Activity - The lines to extract run from the start of the records through the line with "Hampton Bay Wireless", both ends included; drop the pictures.

Dataset records -

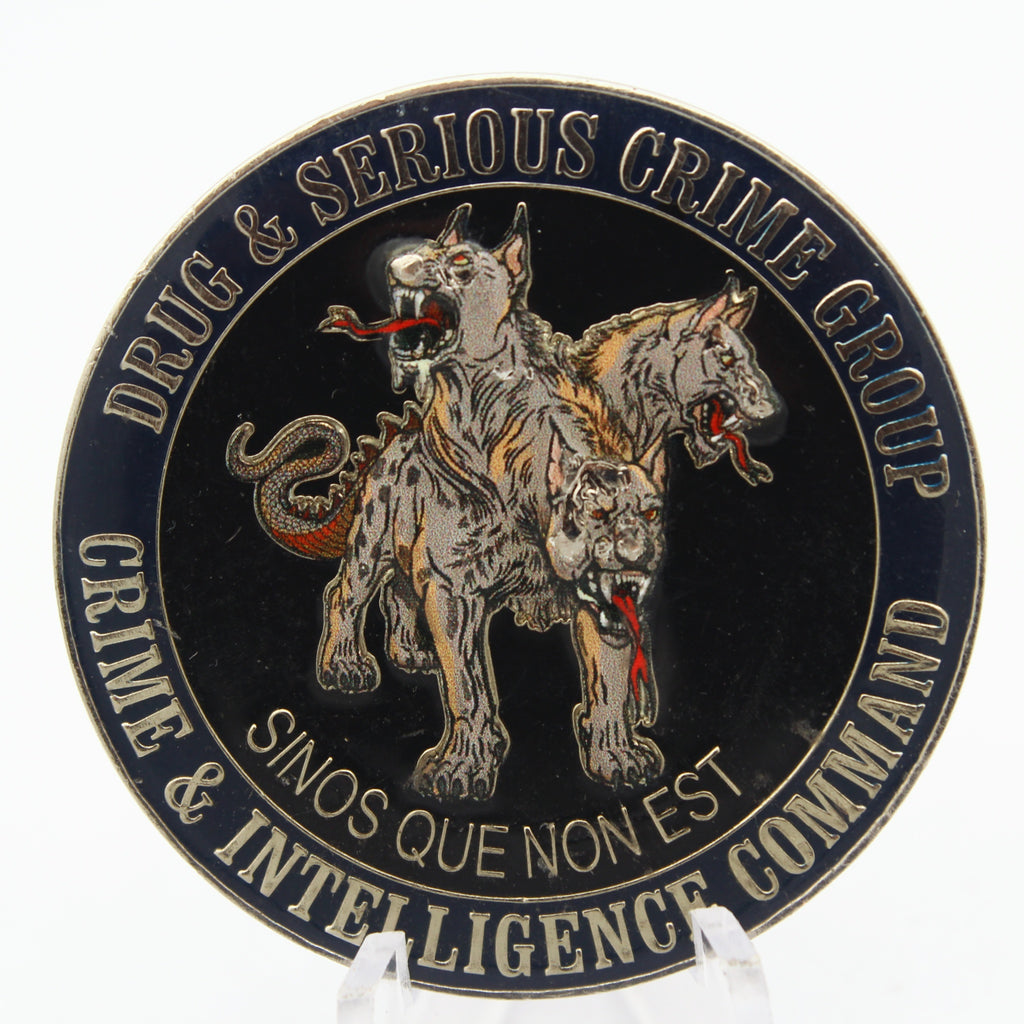 Queensland Police Intelligence Command Challenge Coin Detective 1.75" Copper Pre-owned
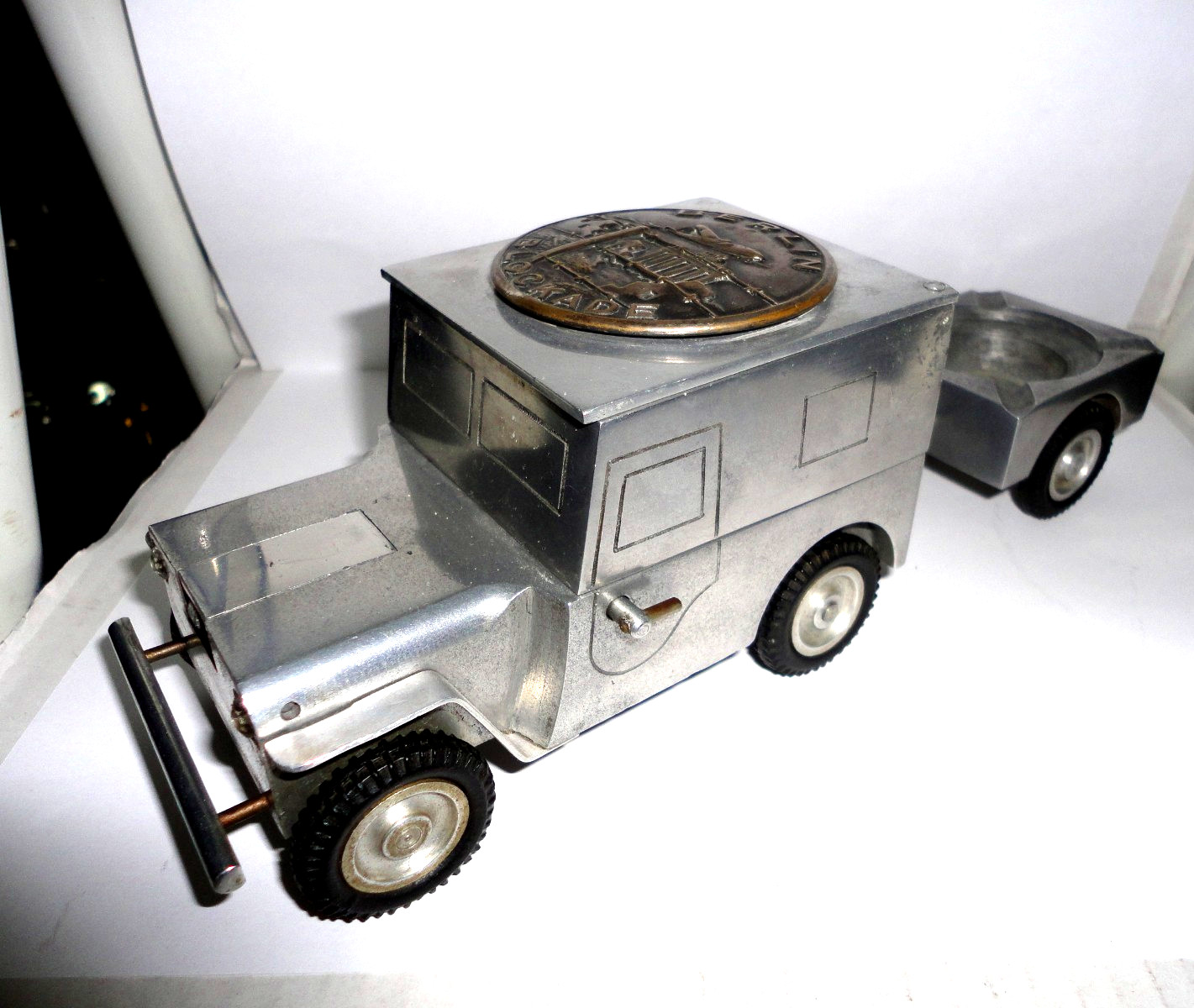 C 1947 BAIER GES-GESCH Lighter & Ashtray.BERLIN BLOCKADE GERMANY. VERY RARE.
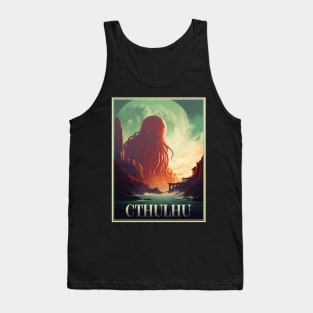 Cthulhu Poster Tank Top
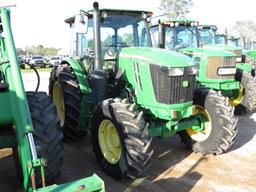 2016 John Deere 6135E MFWD Tractor, s/n 1P06135EHG0001336: Encl. Cab, PTO,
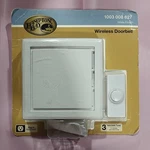 Hampton Bay Wireless Doorbell Selectable Tunes White 1003 008 627. Fixed Price $14.00.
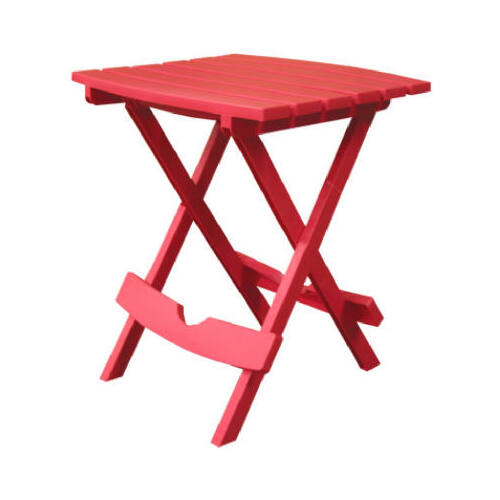 Adams 8510-26-3734 Side Table Quik-Fold Cherry Red Rectangular Resin Folding Cherry Red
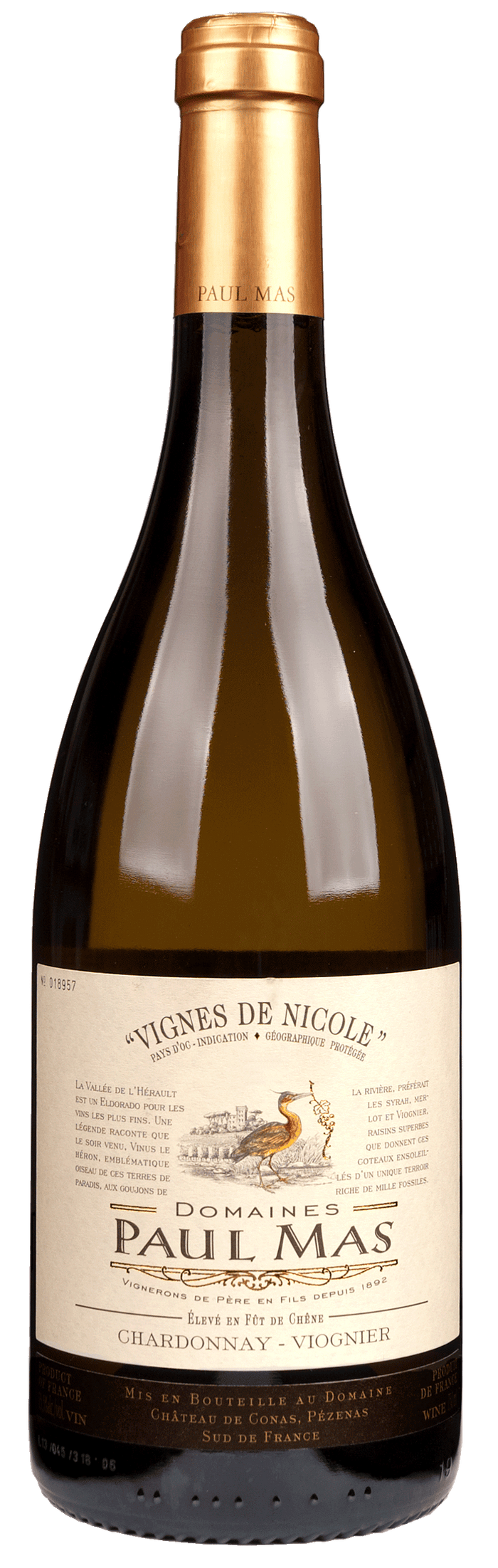 Paul Mas Vignes de Nicole Chardonnay / Viognier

Answer section -
 Queensland Police Intelligence Command Challenge Coin Detective 1.75" Copper Pre-owned
 C 1947 BAIER GES-GESCH Lighter & Ashtray.BERLIN BLOCKADE GERMANY. VERY RARE.
 Cthulhu Poster Tank Top
 2016 John Deere 6135E MFWD Tractor, s/n 1P06135EHG0001336: Encl. Cab, PTO,
 Hampton Bay Wireless Doorbell Selectable Tunes White 1003 008 627. Fixed Price $14.00.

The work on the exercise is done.